:: WHAT IS BEING ASKED ::
Repeat nothing but the lines below running from the one containing "20'' Beige and" to the one containing "Andrew Marc Twill Faux Wrap Skirt In White". Keep both end lines.

── INFORMATION ──

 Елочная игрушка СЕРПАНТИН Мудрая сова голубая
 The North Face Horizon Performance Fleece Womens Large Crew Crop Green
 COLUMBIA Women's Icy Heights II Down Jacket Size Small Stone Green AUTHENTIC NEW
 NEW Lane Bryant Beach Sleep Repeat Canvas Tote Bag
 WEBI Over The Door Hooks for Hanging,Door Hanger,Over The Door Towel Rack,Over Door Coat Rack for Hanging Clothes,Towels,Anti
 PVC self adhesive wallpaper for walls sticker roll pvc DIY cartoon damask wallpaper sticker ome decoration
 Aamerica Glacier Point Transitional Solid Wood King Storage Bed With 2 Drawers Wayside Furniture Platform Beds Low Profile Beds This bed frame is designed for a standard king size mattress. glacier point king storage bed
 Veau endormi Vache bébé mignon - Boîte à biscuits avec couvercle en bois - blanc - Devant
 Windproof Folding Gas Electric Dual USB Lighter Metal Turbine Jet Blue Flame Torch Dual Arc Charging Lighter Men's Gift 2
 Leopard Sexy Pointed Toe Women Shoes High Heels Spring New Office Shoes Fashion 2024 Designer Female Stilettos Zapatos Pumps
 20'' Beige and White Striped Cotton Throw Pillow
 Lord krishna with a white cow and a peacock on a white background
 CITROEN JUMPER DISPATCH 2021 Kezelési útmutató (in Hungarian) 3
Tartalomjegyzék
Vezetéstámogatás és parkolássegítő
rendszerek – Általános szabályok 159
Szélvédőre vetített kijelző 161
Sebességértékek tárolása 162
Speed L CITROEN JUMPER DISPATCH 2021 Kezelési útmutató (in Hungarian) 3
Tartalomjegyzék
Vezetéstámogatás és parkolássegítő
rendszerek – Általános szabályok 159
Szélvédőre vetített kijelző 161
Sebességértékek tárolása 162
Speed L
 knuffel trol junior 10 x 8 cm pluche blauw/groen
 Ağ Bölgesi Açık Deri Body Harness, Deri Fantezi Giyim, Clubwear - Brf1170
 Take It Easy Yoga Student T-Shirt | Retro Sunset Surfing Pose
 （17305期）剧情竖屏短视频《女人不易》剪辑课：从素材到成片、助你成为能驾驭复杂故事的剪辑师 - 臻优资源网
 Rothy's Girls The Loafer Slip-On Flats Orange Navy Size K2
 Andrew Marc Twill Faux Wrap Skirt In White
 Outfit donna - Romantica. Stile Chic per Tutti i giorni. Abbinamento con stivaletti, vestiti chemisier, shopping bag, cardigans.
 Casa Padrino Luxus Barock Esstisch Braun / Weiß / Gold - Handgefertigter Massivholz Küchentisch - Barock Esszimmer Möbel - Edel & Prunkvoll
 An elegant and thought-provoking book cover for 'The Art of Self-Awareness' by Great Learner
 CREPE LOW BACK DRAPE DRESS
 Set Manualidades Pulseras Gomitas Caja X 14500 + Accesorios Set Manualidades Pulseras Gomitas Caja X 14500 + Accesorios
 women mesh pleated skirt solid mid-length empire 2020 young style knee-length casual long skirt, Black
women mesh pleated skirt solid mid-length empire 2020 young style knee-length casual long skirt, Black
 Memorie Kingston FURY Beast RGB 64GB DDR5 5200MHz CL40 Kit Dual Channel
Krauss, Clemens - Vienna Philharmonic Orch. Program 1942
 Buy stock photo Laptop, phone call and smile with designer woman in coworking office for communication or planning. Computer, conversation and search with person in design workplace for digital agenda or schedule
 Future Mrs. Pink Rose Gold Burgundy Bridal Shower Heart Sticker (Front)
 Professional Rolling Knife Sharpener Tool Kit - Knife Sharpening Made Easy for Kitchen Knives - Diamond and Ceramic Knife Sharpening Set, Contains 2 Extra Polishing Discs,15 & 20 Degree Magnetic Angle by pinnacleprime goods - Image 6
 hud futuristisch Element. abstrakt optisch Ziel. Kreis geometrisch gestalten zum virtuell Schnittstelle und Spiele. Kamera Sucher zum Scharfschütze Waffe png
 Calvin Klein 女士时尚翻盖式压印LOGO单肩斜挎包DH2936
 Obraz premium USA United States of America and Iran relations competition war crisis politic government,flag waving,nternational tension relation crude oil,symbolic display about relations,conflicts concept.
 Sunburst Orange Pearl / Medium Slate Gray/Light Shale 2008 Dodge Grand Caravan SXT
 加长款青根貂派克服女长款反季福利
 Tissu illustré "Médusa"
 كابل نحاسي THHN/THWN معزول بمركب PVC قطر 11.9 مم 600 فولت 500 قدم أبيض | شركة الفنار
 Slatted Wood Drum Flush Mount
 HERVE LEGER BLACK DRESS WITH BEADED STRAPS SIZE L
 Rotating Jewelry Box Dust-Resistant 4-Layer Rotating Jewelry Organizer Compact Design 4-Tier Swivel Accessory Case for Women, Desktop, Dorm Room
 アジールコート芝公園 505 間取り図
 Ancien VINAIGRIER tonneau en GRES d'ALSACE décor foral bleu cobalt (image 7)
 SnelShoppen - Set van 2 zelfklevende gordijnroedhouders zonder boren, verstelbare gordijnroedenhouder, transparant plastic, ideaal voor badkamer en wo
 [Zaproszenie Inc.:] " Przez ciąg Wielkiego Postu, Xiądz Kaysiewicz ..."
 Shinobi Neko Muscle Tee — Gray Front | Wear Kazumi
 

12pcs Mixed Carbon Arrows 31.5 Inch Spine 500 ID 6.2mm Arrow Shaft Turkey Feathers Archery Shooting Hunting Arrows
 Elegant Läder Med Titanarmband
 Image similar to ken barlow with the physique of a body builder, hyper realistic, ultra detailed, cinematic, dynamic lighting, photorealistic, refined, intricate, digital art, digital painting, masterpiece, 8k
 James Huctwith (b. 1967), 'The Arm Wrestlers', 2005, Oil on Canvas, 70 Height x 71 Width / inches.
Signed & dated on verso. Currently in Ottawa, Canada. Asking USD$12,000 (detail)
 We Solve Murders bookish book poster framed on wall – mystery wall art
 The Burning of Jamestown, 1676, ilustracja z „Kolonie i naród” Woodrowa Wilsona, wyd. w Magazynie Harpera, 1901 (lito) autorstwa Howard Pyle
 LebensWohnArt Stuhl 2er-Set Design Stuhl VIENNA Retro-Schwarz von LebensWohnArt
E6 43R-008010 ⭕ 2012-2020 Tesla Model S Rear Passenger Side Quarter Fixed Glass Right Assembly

───

:: SOLVED EXERCISE ::
 20'' Beige and White Striped Cotton Throw Pillow
 Lord krishna with a white cow and a peacock on a white background
 CITROEN JUMPER DISPATCH 2021 Kezelési útmutató (in Hungarian) 3
Tartalomjegyzék
Vezetéstámogatás és parkolássegítő
rendszerek – Általános szabályok 159
Szélvédőre vetített kijelző 161
Sebességértékek tárolása 162
Speed L CITROEN JUMPER DISPATCH 2021 Kezelési útmutató (in Hungarian) 3
Tartalomjegyzék
Vezetéstámogatás és parkolássegítő
rendszerek – Általános szabályok 159
Szélvédőre vetített kijelző 161
Sebességértékek tárolása 162
Speed L
 knuffel trol junior 10 x 8 cm pluche blauw/groen
 Ağ Bölgesi Açık Deri Body Harness, Deri Fantezi Giyim, Clubwear - Brf1170
 Take It Easy Yoga Student T-Shirt | Retro Sunset Surfing Pose
 （17305期）剧情竖屏短视频《女人不易》剪辑课：从素材到成片、助你成为能驾驭复杂故事的剪辑师 - 臻优资源网
 Rothy's Girls The Loafer Slip-On Flats Orange Navy Size K2
 Andrew Marc Twill Faux Wrap Skirt In White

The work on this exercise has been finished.